- **Work instruction**: Retype exactly what appears below from the line containing "ニットカーディガン レディース 秋新作" down to the line containing "Android 15 Wifi Car… - image", keeping both end lines. Do not include pictures.

- **Records provided**:
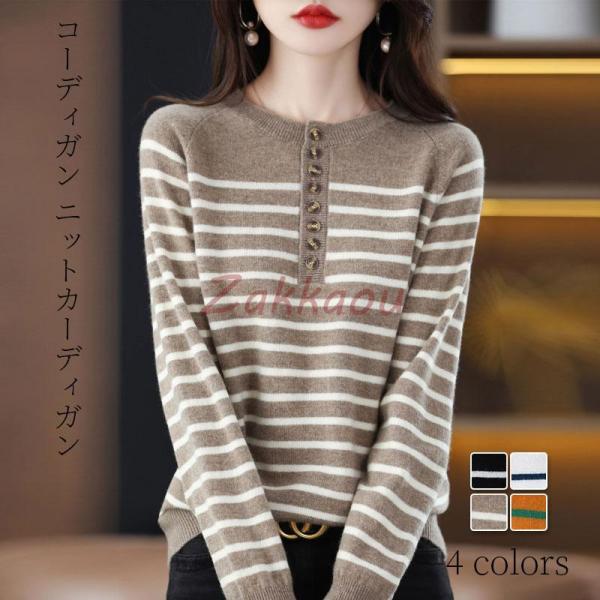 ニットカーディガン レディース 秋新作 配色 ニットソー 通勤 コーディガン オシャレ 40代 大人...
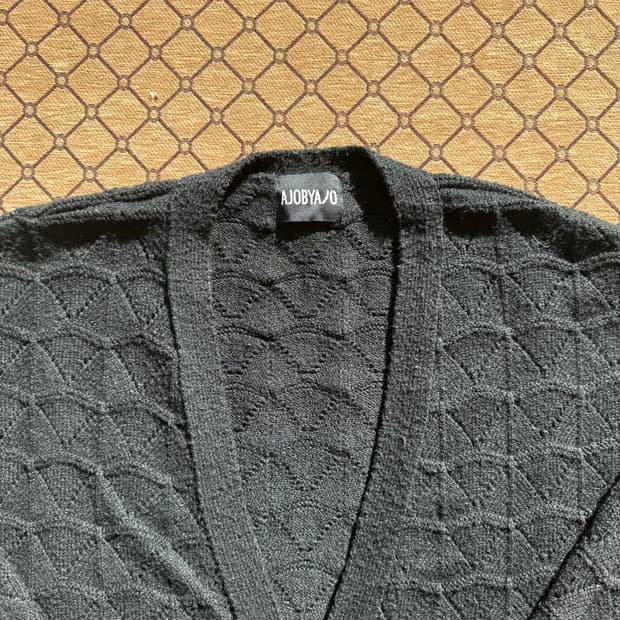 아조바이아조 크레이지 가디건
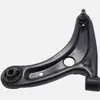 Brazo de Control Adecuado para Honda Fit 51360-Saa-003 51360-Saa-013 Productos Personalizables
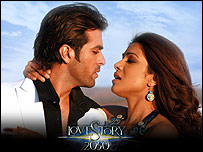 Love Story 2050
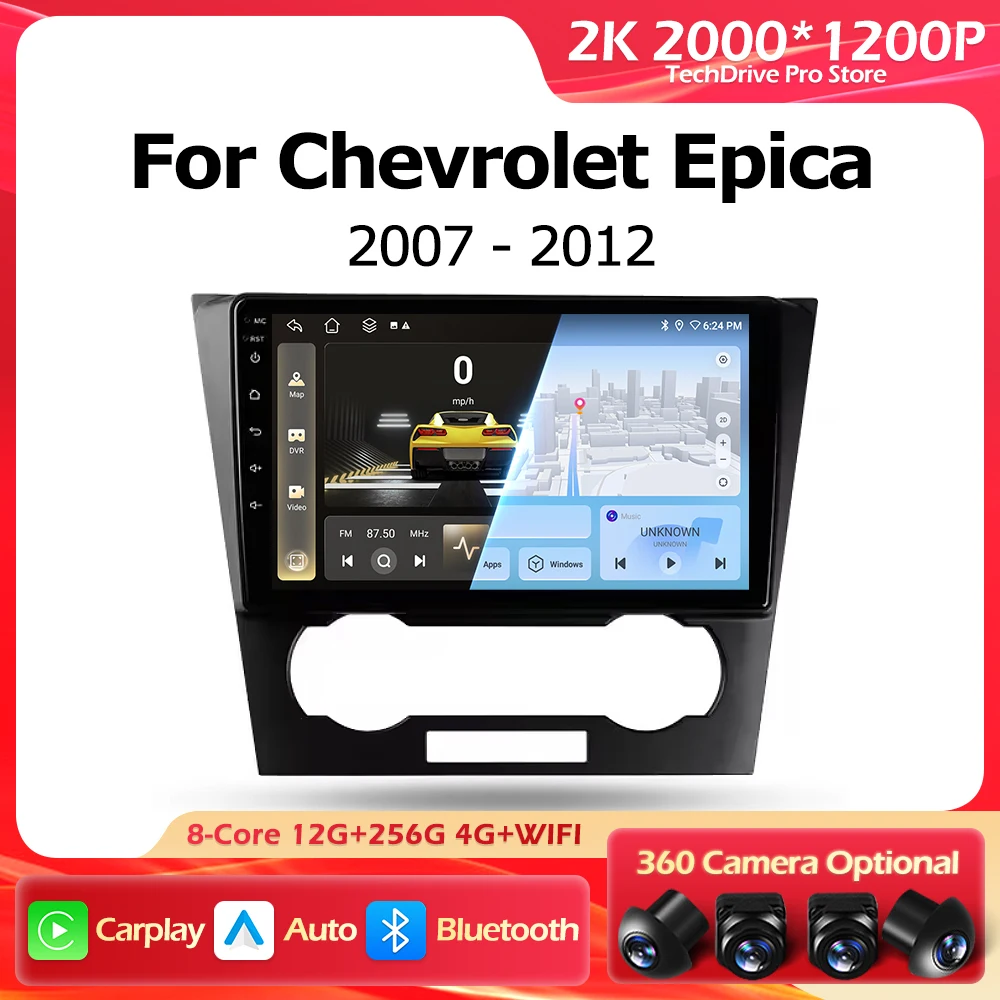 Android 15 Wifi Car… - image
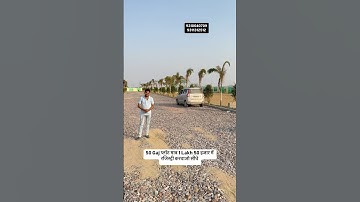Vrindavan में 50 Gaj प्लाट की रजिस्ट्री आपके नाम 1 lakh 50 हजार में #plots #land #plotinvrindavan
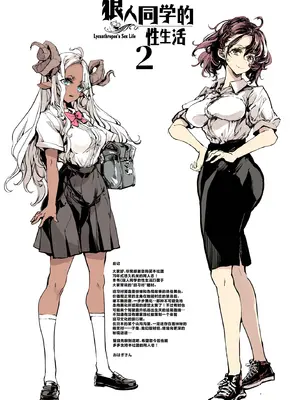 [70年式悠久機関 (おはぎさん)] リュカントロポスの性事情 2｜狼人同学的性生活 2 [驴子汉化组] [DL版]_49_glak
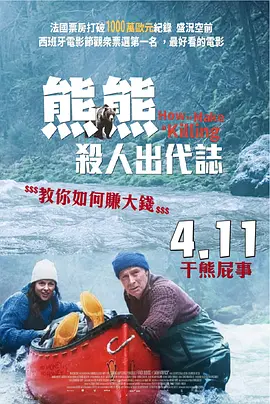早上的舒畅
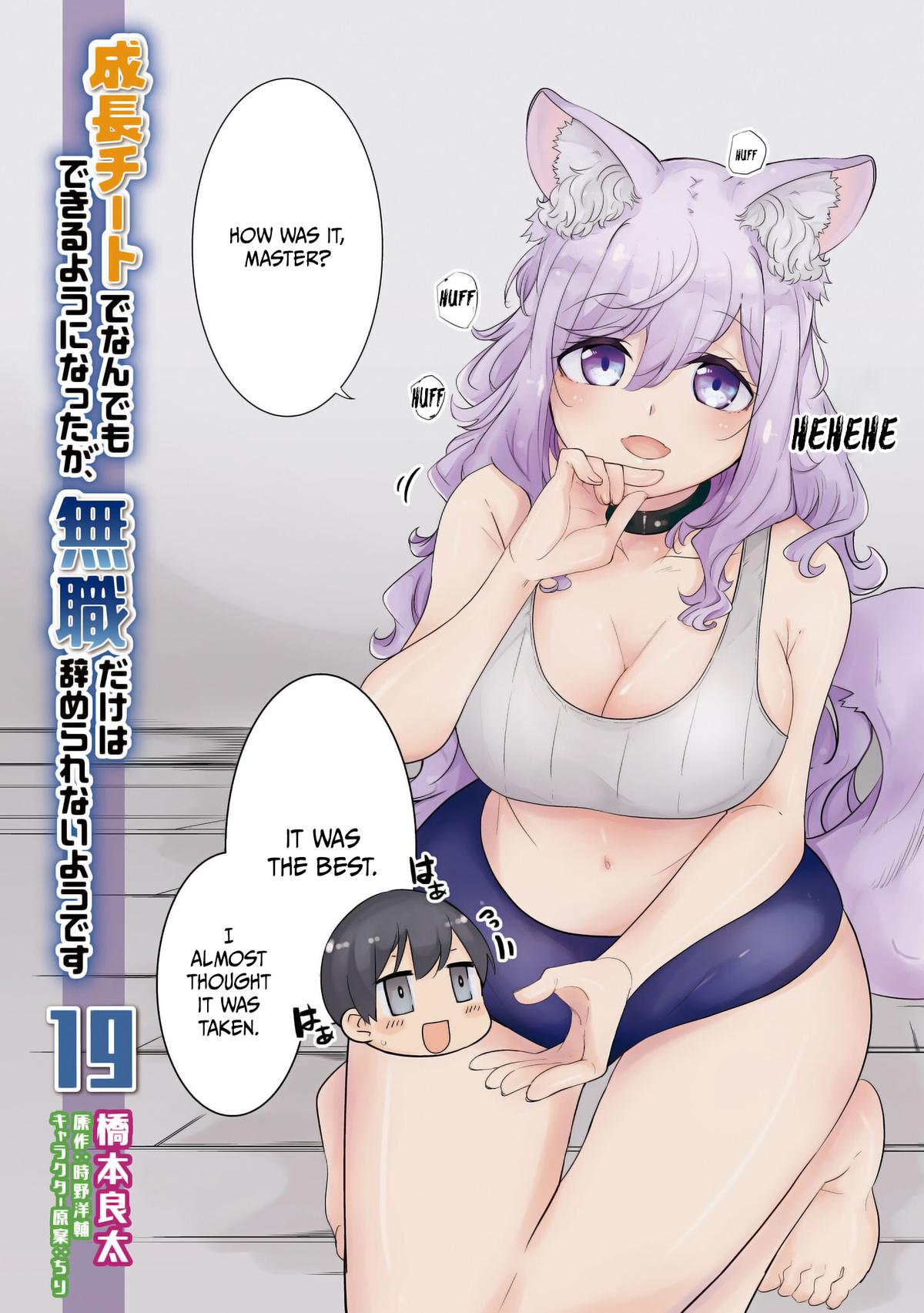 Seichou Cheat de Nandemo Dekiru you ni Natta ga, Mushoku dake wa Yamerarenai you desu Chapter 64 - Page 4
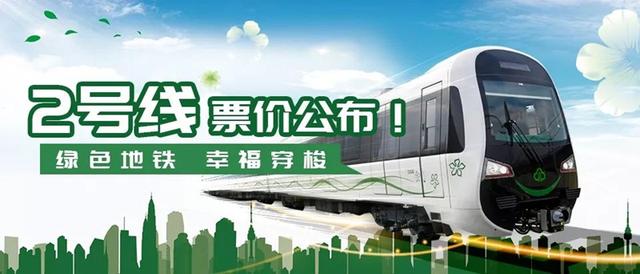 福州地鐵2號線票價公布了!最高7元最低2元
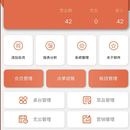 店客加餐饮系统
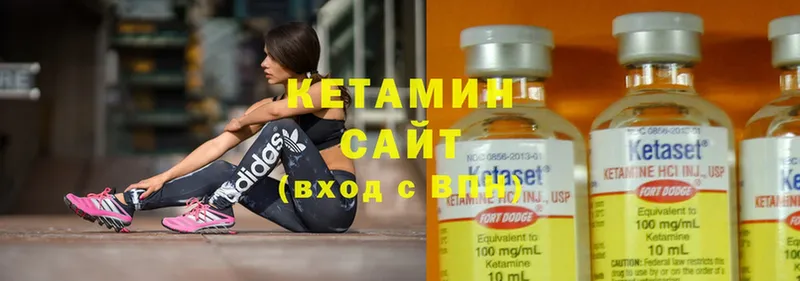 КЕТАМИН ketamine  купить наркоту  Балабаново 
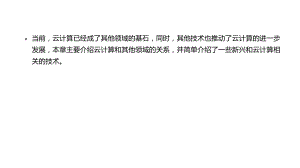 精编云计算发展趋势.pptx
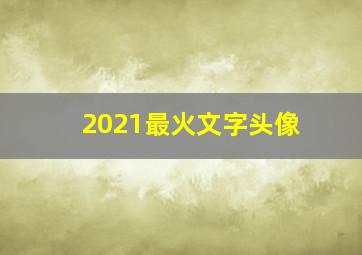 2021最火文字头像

...

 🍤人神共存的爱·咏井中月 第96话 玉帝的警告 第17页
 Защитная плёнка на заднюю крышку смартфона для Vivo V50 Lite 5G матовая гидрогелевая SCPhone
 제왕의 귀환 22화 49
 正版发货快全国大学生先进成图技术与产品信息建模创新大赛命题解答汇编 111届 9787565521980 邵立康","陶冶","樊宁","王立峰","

==

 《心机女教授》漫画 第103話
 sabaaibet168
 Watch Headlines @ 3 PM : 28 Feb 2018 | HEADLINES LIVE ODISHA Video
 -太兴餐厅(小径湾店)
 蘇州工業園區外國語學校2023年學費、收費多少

- **Exercise result**:
 ニットカーディガン レディース 秋新作 配色 ニットソー 通勤 コーディガン オシャレ 40代 大人...
 아조바이아조 크레이지 가디건
 Brazo de Control Adecuado para Honda Fit 51360-Saa-003 51360-Saa-013 Productos Personalizables
 Love Story 2050
 Android 15 Wifi Car… - image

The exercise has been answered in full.